Aim of the task ▸ Look through the entries that follow and return each line that has the string "Avenue".

[Brief descriptive captions]
BEGIN

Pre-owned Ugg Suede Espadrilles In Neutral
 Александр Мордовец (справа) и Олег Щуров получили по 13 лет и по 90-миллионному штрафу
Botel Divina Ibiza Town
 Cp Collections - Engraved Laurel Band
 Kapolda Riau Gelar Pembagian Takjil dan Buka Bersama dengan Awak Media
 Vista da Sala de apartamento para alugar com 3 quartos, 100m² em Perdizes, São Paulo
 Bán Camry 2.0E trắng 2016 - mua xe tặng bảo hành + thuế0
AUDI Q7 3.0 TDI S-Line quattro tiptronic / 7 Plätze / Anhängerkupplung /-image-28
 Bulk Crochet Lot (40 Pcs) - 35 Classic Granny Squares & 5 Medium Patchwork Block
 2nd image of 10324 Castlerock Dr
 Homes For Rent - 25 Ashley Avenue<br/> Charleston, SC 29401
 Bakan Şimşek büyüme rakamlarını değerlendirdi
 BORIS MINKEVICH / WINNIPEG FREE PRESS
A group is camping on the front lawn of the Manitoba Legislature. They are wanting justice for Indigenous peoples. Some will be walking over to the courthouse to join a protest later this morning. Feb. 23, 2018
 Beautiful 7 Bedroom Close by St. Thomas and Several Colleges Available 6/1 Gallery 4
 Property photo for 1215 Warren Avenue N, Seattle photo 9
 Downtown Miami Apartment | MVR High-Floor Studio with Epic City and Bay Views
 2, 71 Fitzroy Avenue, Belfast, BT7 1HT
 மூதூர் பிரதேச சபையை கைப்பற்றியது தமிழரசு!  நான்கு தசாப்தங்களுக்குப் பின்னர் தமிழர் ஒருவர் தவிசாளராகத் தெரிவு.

END

Task result ▸
 Homes For Rent - 25 Ashley Avenue<br/> Charleston, SC 29401
 Property photo for 1215 Warren Avenue N, Seattle photo 9
 2, 71 Fitzroy Avenue, Belfast, BT7 1HT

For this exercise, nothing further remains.